While it is true that the standards for appropriate funeral attire have been relaxed in recent years and unless forbidden for religious reasons, women nowadays wear slacks and a blouse instead of the traditional skirt or dress. Men no longer are required to wear a tie and jacket. Apparel should be modest, in muted tones or dark colours, and should be clean and without holes. Flip-flops should be avoided because not only are they too casual, but the noise that they make when one walks might be disturbing or offensive to other mourners.

Funeral Colours

The wearing of dark colours to a funeral, mainly black, has been associated with death in Western cultures since the Victorian era when Queen Victoria wore black for 40 years to mourn the passing of her husband, Prince Albert.

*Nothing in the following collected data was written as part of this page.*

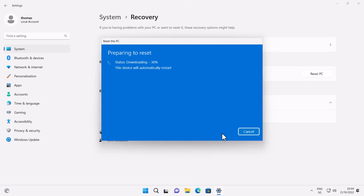I hit the Reset button and this starts the download process. Downloading the image takes a while depending on your internet speed, and then it reinstalls your Windows 11 operating system. After that you'll get a fresh new user experience and go through the setup process again — choosing location, time zone, login account, and so on. You'd just let it run and then set it up as a new machine.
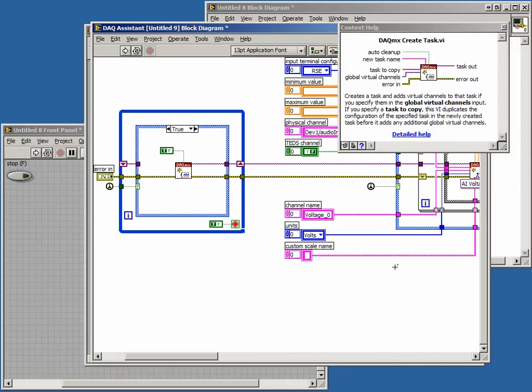In this lesson, we learned how to use the DAQ Assistant to create and configure a DAQ task in LabVIEW.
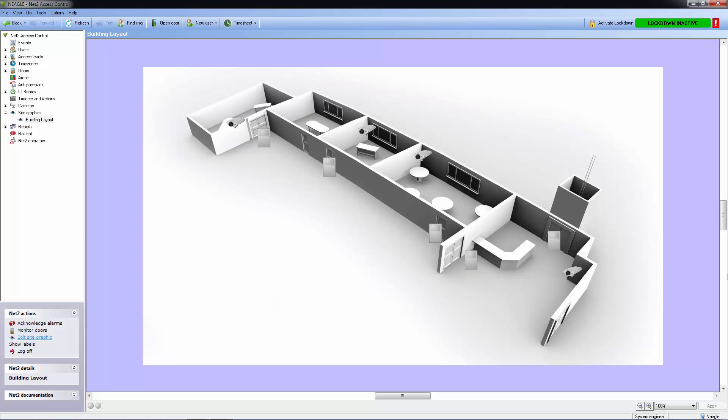And if a door is offline or loses contact with the server, we cannot determine the true state of the door, so it's shown as a solid red open door.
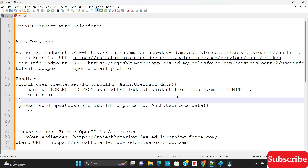Hello everyone, welcome back to the channel. Today's topic is OpenID Connect with Salesforce. I'll show you a live demo on how to create a single sign-on with OpenID Connect.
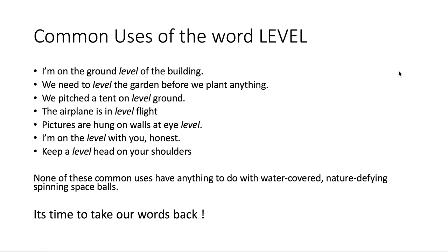So it's time to take our words back. Thanks for listening, and we're going to continue this series with more words in the future.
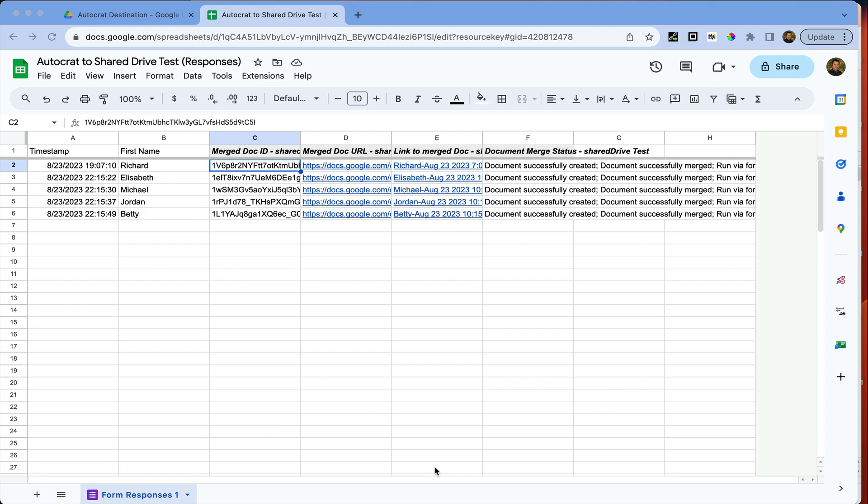Hey everybody, Richard here. I saw a question come up in the Certified Trainer group about using Autocrat and using it with shared drives.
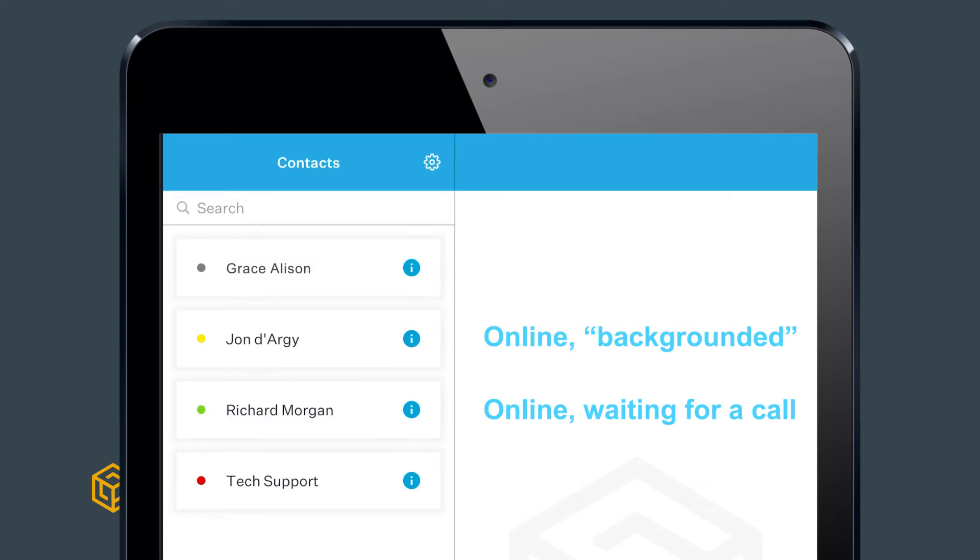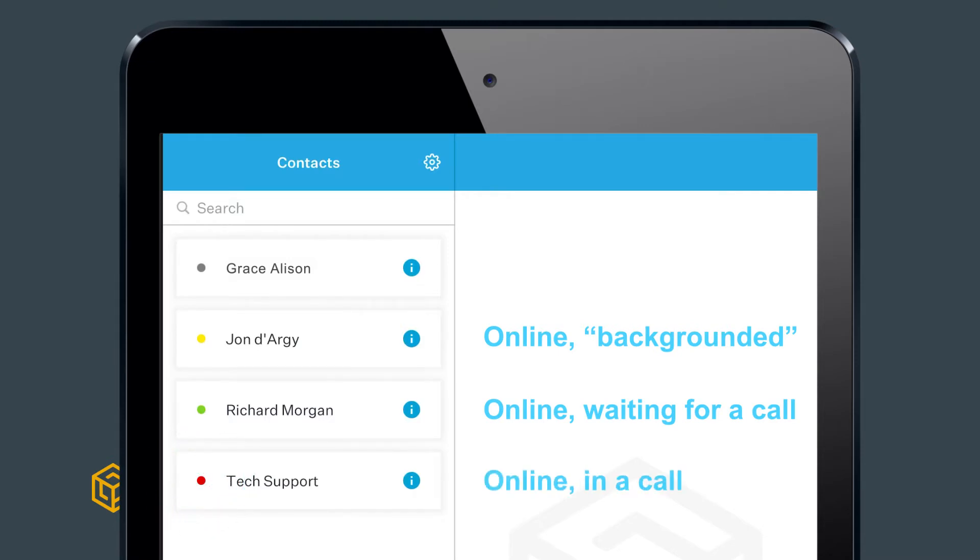This will generally be the case for someone who uses a mobile device to receive calls, so you can consider them available for a call but they may not be ready to take one. A red dot represents a user who is unavailable because they are currently on a call, while a grey dot represents a user who is currently not online.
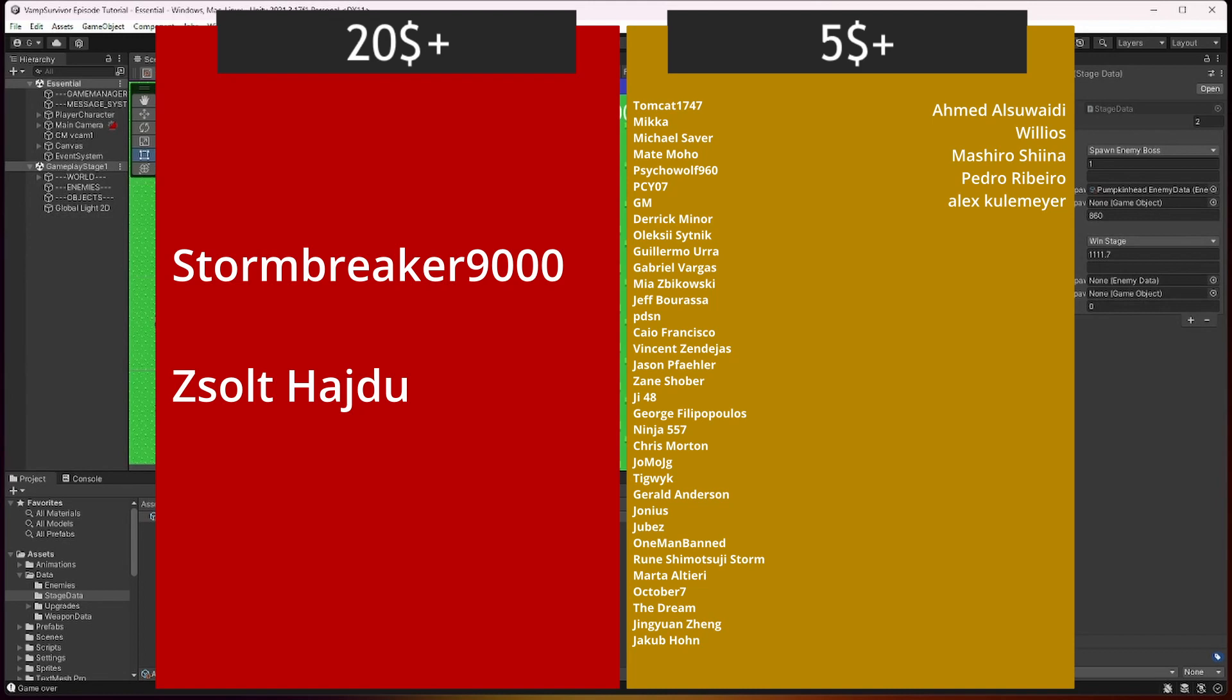This episode is brought to you by generous support of people on patreon and members on youtube. If you want to join them, link to my patreon in the description and join button available right now on youtube.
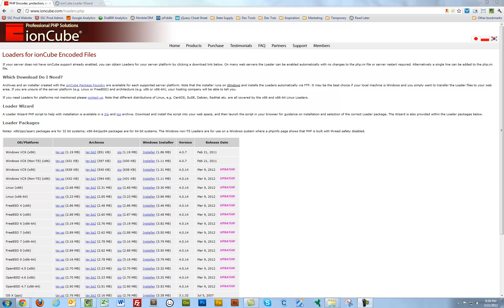Howdy folks, today I'm going to show you how to install IonCube loaders on your WAMP stack, on your Windows machine.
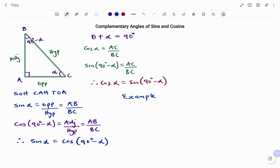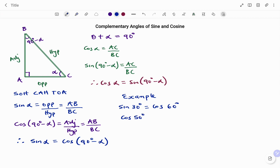Going through a couple of examples: if I'm to find sine 30 degrees, the complementary angle will be cos of (90 minus 30), that's cos 60 degrees. Or if I'm to find cos 50 degrees, the complement will be sine of (90 minus 50), that's sine 40 degrees. Thanks for watching, bye.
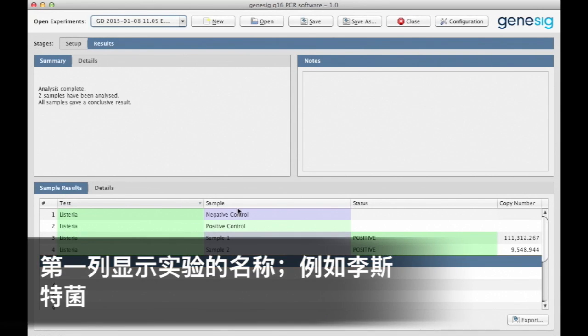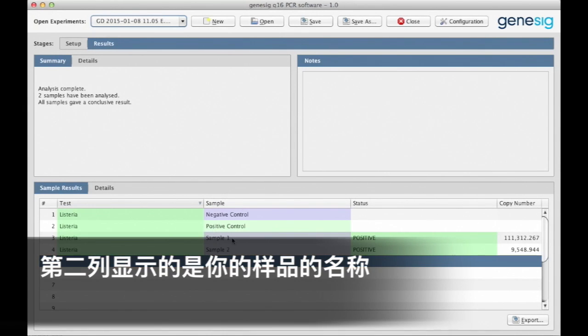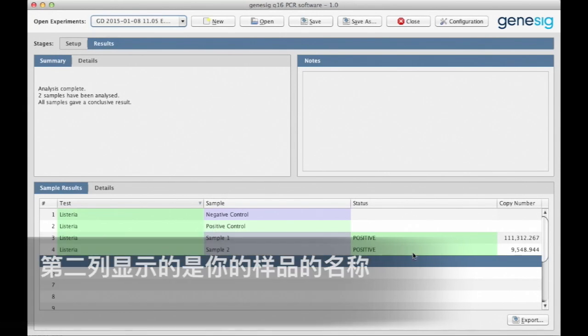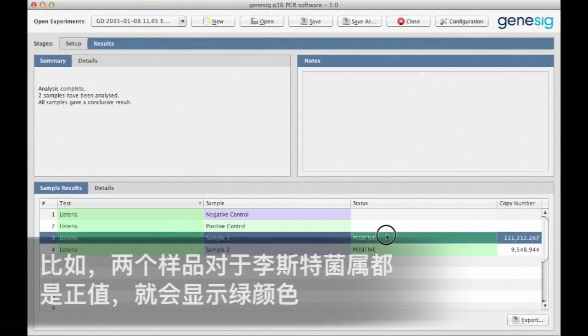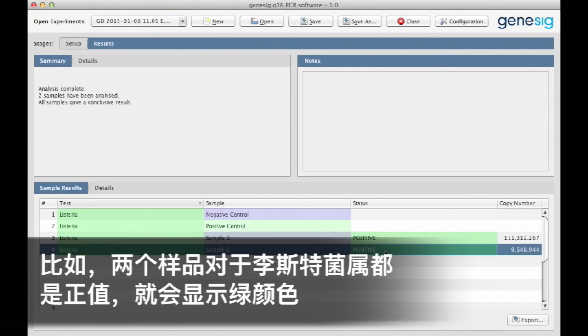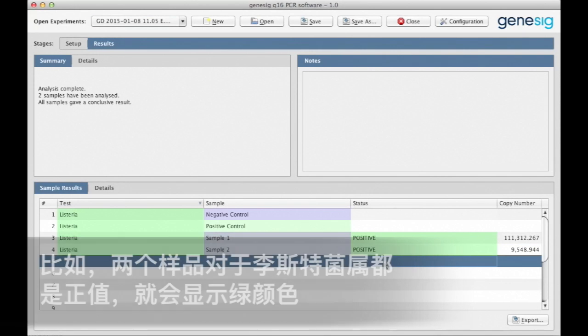So the first column displays the name of the test, Listeria in this instance. The second shows the name of your samples. The third is the most interesting. This tells you whether your sample is positive or negative for the target in a simple traffic light format. So in this instance, both samples are positive for Listeria, hence the green color.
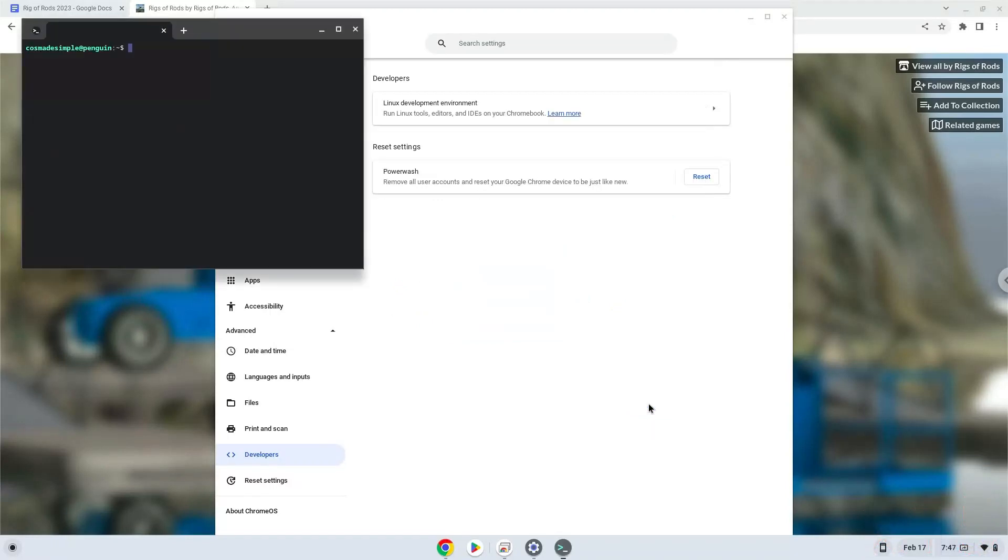Now that we have enabled Linux apps on our system, we will continue to the next step, which is to download the Linux installation package from their website.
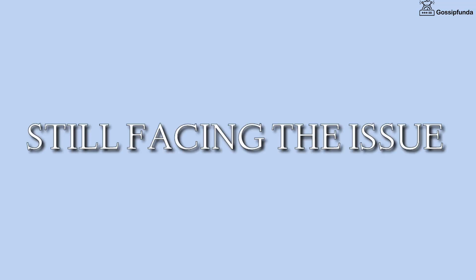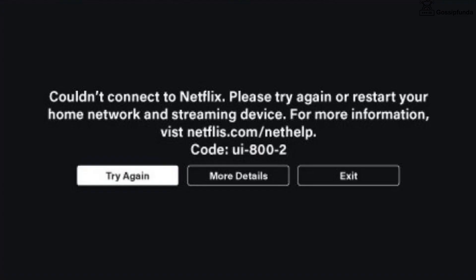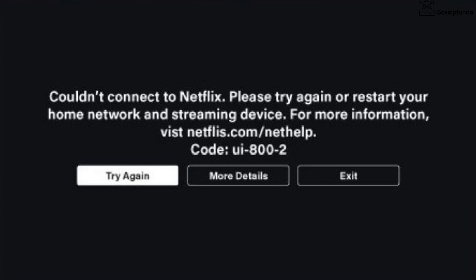If you are still facing this issue, then on this screen select 'More Details', then select 'Sign Out' or 'Reset', and then sign back in to Netflix.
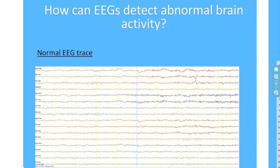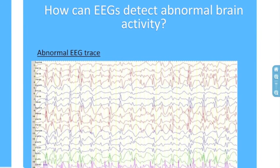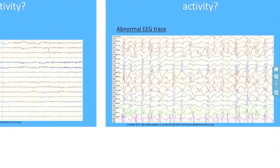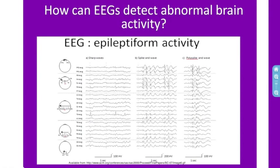So how can an EEG detect abnormal brain activity? This is how a normal EEG trace looks like; the frequency of waveforms depends upon the state of activity of the brain. In contrast, this is how an abnormal EEG trace looks like. Different abnormalities within the brain show different characteristic changes. For example, in epilepsy, characteristic sharp waves, spike waves, and polyspike waves are seen. These may be either focal, lateralized, or generalized, indicating the origin of the abnormality.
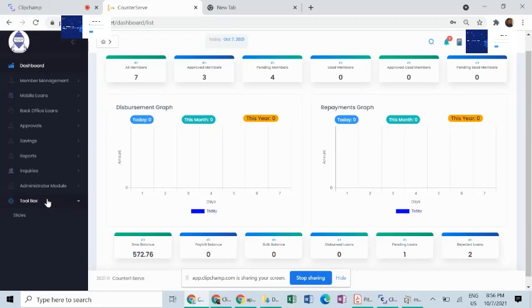For inquiries and feedback or further engagements, you can reach us on the contacts provided. At Counter One Serve, you dream, we build, and you win.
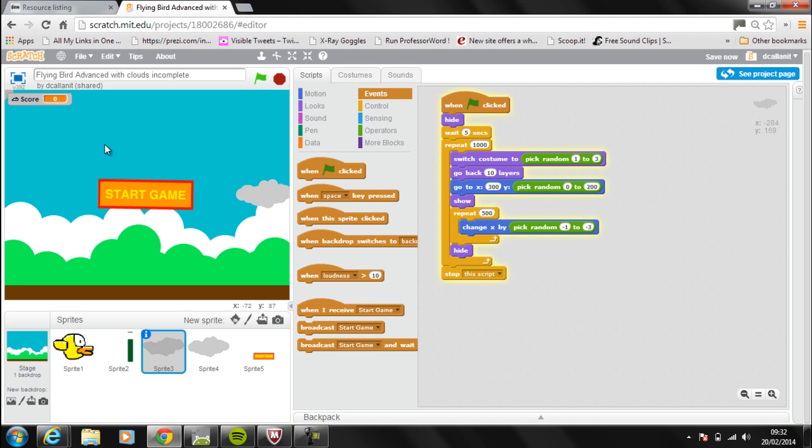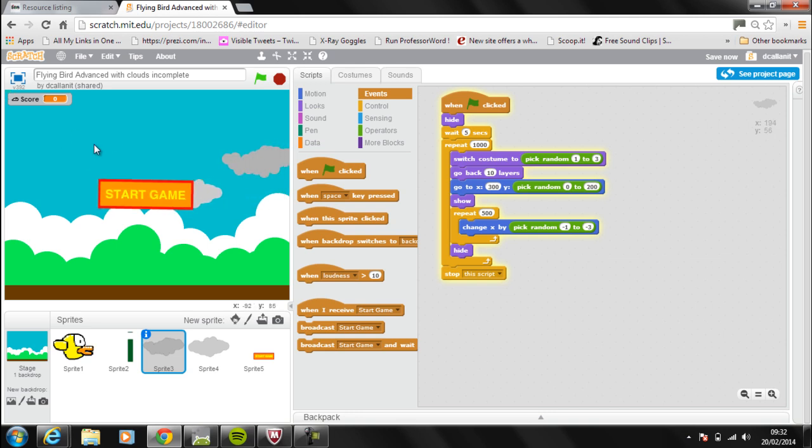So the broadcast feature lets us send out messages to the different sprites in our game, so they do different things at different times.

The wearing of black “widow’s weeds”, which included a black hat and veil in public for up to two years after a husband’s death, became standard practice for women. Men, however, were only expected to mourn their wives for up to 6 months while wearing a black suit and were then able to continue wearing regular suits, usually of dark colours.

In other countries such as Cambodia, France and even the Aborigines from Australia, white mourning clothes represent purity and rebirth. The Aborigines wear a white mourning cap made of clay throughout the grieving period. This cap is laid on the husband’s grave after that. Even Queen Victoria requested that white play an integral part in her funeral. She wore a white veil over her face, and her coffin was also draped in white and drawn by a white horse.

In China, red symbolises happiness and is strictly forbidden at funerals, yet in South Africa, red has been adopted as a colour of mourning and suffering. When national hero, Senzo Meyiwa, passed away, his mourners packed the stadium dressed in red to pay their respects to him.

Purple is another colour used to define sorrow and loss, and in Brazil, many Catholics combine black and purple while in mourning. The colour purple is so sacred in the country that it can be disrespectful to wear it if not attending a funeral. In the East, in Thailand, purple is reserved for widows in mourning for their spouse, while other mourners must dress in black.

Gold was associated with the afterlife in Egypt as it is imperishable and indestructible. It, therefore, quickly became the royal colour of mourning – which is indicated by the discovery of treasures and artefacts in ancient Egyptian burial chambers. The golden funeral mask of King Tutankhamun is a well-recognised example of this.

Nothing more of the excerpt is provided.